Like sightings of the Yeti or Bigfoot or the Loch Ness Monster, the prospect of tax-deductible financial advice fees has raised its head again.

Some advice fees are already deductible, of course. But right now, a fee paid for the creation of a financial plan isn’t deductible.

This is not because a financial plan isn’t set up with the intention of creating assessable income – which is a general condition for deductibility – but because the creation of a financial plan (at least in an investment context) subsequently leads to the creation of an investment portfolio. Creating a portfolio – acquiring assets – involves capital expenditure.

But there are plenty of situations where a financial plan doesn’t lead to the creation of an investment portfolio at all, and what the profession ultimately wants is deductibility for the fees paid by clients for a professional service that may or may not have an investment component to it.

Financial advice representative bodies have lobbied for tax-deductibility before. What’s clearly different this time is that financial advice more closely resembles a profession today than at any other time in its history.

Entry to the profession has substantial educational hurdles; remaining in the profession requires commitment to ongoing professional development; practitioners are required to adhere to a code of ethics; and most (not all) of the remuneration and structural conflicts that historically blighted the industry have been cleared out.

But is that enough to justify effectively asking taxpayers to subsidise financial advice? Well, let’s not forget that most individuals who seek financial advice are taxpayers, so it would be taxpayers who don’t seek financial advice who would be subsidising those that do.

We already have a kind of analogue for this: it’s a bit like what happens with superannuation funds now, where the cost of a fund’s advice service is borne by all members but only a fraction of those members actually use the service.

Even if tax deductibility of fees reduces the cost to the client, it doesn’t fundamentally change the cost of delivering advice. That’s still largely driven by all the inputs into advice, including compliance, and the issues around that are a separate discussion – except to say that if the government can successfully implement steps to help reduce the cost to deliver advice, and advice consequently costs less, then the extent of the taxpayer subsidy will also be reduced.

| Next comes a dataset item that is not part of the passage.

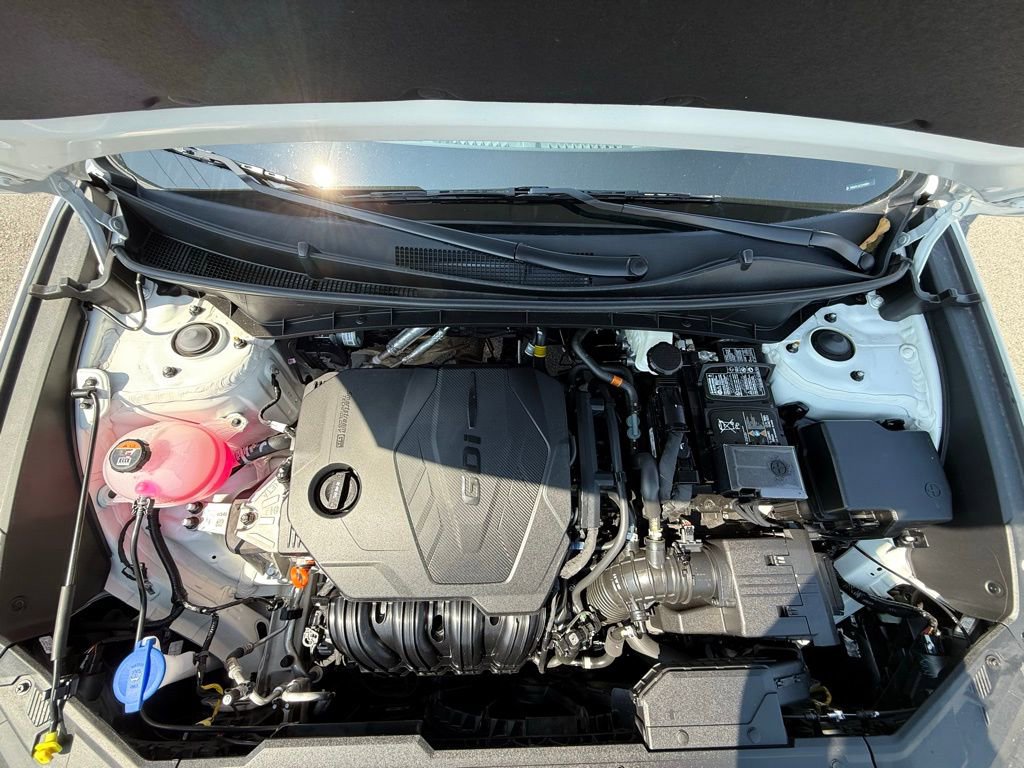 Used 2025 Hyundai Tucson SE image 39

Whether or not advice fees are or could be deductible under current legislation isn’t strictly the point. The question is: should they be? What’s the overall benefit – the national interest, to be highfalutin’ about it?

Allow me to be self-indulgent for a moment (again). In 2020 when I was working with Andrew Inwood and his team at CoreData Research, we were retained by CPA Australia to examine the macroeconomic impact of financial advice.

I’m not going to go into detail here about the methodology underlying the research – you can read it here if you want to, starting on page 20 – but the research concluded unambiguously that there’s an enormous potential economic benefit in more Australians receiving financial advice.

The benefit was measurable even if only a few more people received advice, but the benefit if everyone received advice was phenomenal.

The report found that if the take-up of advice increased from (the then-assumed) level of 39.1 per cent of Australian adults to just 40 per cent, the economic benefit would be more than $9 billion a year. If half the adult population received advice, the benefit would increase to almost $113 billion. And if every single adult received advice, the benefit would be $630 billion a year – and that did not include an estimated $10 billion reduction in age pension outlays because of the population’s overall improved financial position.

In economic rationalist terms, if allowing advice fees to be tax deductible encourages more people to take up advice and provided the taxpayer-funded subsidisation of advice fees is less than the macroeconomic benefit that comes from that greater-take-up of advice, it’s worth considering.

It’s doubly worth considering when the vast improvements in standards and professionalism of financial advice practitioners is also taken into account. There’s significantly less chance today that asking taxpayers to subsidise financial advice will necessarily and automatically just help to swell the investment products of the institutions that once controlled financial advice networks.